Верещагин задумывается. Ему за сорок, а он до сих пор не знает, любит ли толстеньких. «Откуда ты взял?» – опрашивает он у Юрасика. «Вы с Альбиной разговариваете больше, чем с другими, – объясняет тот. – А она толстенькая». – «Она туповатая, – отвечает Верещагин. – Ей каждую мелочь приходится объяснять сто раз». И вдруг видит рядом Альвину. Она подошла незаметно и вот стоит рядом – все, наверное, слышала. «Туповатеньких я тоже люблю», – говорит Юрасик.
«Не верьте ему! – восклицает Альвина с пылкостью. Лет ей примерно столько же, сколько и Верещагину, но она носит оранжевые кофточки, зеленые брюки и голубой парик; пылко восклицать и думать о людях хорошо тоже входит в ее программу казаться юной. – Юрасик чистый юноша, – говорит она, – правда, Юрасик? Только ты любишь наговаривать на себя. Это очень характерно для молодежи – сочинять о себе плохое, чтоб казаться интересней…- Тридцатилетний Юрасик хихикает и Альвина воспринимает это как несогласие с ее словами. – Да, да! – пылко восклицает она. – Вы наговариваете на себя, потому что у вас еще не сформировался характер, а самые яркие характеры отрицательные, вот вы и приписываете себе цинизм, распущенность!..»
«С вами сойдешь с ума», – говорит Верещагин. Следующее извлечение кристаллов в девять утра, он рвется домой, ему не терпится побыстрее снова засесть за дипломную работу, он еще не потерял надежду именно сегодня что-то понять в ней. «До свидания», – говорит ой.
«Вчера я купила на ужин торт, – говорит Альвина, – а в троллейбусе ужасная давка. Я так боялась за торт. Не могу есть мятые торты! Спасибо молодому человеку, интеллигентный такой юноша с благородными черными усиками, он говорит: совсем задавят бедную девушку. Он меня охранял».
«С вами сойдешь с ума», – повторяет Верещагин и еще раз прощается.

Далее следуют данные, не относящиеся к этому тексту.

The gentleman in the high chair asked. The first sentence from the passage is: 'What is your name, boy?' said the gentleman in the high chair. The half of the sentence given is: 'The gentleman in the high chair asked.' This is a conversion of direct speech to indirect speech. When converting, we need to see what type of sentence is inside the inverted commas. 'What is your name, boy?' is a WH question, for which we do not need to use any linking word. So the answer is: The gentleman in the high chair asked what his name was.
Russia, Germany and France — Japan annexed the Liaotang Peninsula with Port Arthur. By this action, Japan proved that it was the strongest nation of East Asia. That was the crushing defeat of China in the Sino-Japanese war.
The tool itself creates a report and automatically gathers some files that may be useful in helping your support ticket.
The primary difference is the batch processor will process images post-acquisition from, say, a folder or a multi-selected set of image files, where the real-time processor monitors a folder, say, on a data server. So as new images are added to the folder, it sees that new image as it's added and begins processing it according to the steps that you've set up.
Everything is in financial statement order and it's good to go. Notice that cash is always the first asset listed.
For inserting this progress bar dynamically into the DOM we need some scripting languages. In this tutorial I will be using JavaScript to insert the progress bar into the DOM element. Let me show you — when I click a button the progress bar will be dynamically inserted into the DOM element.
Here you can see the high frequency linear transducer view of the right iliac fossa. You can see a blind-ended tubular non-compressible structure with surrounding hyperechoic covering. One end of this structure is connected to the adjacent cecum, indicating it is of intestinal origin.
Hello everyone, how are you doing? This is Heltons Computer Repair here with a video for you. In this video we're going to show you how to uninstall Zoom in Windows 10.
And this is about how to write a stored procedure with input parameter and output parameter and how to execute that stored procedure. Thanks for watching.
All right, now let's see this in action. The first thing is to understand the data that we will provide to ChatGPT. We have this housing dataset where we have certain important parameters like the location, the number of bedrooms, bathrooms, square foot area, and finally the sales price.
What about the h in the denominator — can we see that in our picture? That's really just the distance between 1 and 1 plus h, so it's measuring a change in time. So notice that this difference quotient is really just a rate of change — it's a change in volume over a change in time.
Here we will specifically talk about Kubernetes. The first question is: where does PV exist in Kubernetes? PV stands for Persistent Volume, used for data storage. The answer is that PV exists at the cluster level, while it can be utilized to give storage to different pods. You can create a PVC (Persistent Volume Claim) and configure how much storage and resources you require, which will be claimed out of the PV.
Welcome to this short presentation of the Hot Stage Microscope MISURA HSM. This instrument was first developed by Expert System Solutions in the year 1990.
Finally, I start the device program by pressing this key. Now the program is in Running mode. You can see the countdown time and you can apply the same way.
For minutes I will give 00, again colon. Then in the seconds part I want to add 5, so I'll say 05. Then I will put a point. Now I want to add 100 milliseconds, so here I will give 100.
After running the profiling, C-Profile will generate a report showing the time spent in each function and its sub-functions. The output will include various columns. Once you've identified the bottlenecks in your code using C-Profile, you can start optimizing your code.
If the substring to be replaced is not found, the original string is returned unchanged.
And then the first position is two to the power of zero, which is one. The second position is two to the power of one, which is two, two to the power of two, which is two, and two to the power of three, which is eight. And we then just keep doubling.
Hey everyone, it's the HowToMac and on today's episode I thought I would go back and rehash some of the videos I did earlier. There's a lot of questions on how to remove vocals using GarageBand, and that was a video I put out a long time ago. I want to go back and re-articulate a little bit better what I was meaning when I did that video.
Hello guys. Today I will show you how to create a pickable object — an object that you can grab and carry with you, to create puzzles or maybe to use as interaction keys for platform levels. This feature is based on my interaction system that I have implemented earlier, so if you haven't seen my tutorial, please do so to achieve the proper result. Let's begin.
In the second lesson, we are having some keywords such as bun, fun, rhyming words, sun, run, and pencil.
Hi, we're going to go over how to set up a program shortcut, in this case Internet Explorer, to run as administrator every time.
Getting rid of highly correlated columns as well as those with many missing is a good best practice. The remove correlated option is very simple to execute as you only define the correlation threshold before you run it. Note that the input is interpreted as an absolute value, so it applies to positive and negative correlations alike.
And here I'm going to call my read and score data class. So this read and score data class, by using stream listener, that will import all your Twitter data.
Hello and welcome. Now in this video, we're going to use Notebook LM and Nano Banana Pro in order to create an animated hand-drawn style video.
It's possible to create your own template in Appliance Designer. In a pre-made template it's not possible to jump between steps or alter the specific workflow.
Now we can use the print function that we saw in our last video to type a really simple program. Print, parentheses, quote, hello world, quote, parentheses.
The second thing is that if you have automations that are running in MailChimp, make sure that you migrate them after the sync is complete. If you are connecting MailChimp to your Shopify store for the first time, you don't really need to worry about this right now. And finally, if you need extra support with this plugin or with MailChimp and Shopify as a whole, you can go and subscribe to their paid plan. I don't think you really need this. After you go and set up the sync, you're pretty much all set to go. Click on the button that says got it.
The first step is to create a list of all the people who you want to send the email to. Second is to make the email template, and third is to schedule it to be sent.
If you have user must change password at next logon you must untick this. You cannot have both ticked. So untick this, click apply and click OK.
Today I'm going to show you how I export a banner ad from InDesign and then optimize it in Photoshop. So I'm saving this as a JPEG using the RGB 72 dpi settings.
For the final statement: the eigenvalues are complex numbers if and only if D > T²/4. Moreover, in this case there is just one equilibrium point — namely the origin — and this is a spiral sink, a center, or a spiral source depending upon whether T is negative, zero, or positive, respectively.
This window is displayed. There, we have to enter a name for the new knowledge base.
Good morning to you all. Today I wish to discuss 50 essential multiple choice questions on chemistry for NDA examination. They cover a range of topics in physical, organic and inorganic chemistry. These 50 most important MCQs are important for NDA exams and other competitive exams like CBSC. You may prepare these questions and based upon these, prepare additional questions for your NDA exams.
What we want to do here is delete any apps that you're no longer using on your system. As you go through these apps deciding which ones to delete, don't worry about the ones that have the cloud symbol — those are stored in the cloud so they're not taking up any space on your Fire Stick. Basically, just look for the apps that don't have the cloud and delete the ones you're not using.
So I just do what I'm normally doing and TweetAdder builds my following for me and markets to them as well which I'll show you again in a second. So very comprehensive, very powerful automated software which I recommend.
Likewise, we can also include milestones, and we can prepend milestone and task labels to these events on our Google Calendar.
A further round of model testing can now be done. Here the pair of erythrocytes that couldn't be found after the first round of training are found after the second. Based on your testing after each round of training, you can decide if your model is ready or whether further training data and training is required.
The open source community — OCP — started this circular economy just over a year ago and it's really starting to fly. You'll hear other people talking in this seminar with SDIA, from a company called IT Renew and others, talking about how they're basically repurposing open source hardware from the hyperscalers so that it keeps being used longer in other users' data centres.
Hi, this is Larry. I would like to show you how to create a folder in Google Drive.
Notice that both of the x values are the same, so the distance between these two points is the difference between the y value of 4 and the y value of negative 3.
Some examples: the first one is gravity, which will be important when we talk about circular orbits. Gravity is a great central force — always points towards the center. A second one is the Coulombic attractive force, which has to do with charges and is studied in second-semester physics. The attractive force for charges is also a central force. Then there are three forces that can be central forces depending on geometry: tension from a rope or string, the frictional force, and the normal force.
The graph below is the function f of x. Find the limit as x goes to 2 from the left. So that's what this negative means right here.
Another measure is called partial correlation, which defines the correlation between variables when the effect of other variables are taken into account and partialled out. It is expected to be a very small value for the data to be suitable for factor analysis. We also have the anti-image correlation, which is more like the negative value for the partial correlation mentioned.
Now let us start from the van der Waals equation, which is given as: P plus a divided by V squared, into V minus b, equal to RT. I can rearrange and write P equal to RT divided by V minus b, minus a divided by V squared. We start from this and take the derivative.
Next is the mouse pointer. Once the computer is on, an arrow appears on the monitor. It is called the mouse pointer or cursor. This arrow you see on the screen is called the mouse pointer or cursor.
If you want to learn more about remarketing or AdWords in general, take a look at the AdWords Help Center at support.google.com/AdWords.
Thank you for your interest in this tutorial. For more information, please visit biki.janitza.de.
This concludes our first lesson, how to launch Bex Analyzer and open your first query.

Утром он снова в институте, но не спускается к себе в подвал, а поднимается на второй этаж. Он входит к директору и говорит: «Ну и кретинов ты мне подсунул в сотруднички!» – всю ночь он без толку просидел над своей дипломной и вот злится теперь на операторов, ни в чем, конечно, не виноватых. «Все правильно, – отвечает директор. – Я тебя предупреждал. Разве стоящий человек пойдет в твой подвал? Там же никаких перспектив для роста! Одно дерьмо, извини меня. Производством драгоценных кристаллов занимается дерьмо», – сказав так остроумно, директор хохочет. А Верещагин нет. Верещагин хмурится и говорит, что они – не дерьмо. «Ты же сам сказал, что я подсунул тебе кретинов», – напоминает директор. «Кретинов, а не дерьмо», – уточняет Верещагин и высказывает такую мысль: дерьмом можно назвать лишь того человека, у которого нет никакой идеи, а у каждого оператора в цехе идей хоть отбавляй. «Какие у них могут быть идеи? – удивляется директор. – Например, у этого… как его?.. который всегда краснеет». – «Юрасик? – догадывается Верещагин. – У него идея огромнейшая. Он мечтает приобрести толстенькую». – «Приобрести?» – переспрашивает директор. «Толстенькую», – подтверждает Верещагин. «Кого – толстенькую?»- спрашивает директор, – он, оказывается, ничего не понял. «Пышку», – доходчиво разъясняет Верещагин. «Гм, – говорит директор. – Пожалуй, этот тип умнее, чем я думал…- видно, насчет пышек он тоже не прочь. – Ну, хорошо, – говорит он. – А вот эта, которая ходит в голубом парике? Вот уж настоящее дерьмо!» – «Как бы не так! – отвергает Верещагин. – Она выращивает на подоконнике целебные травы и поедает их. А мяса она не ест. Она написала письмо жителям какого-то индийского села и ждет ответа. Чего ей от них нужно?» – интересуется директор». В этом селе все поголовно живут по сто пятьдесят лет, – отвечает Верещагин. – Альвина хочет снова стать девушкой». – «Это же невозможно! – возмущается директор. – Она же просто дура!» – «Правильно, – соглашается Верещагин. – Вот ты и проиграл спор. Она дура, а не дерьмо».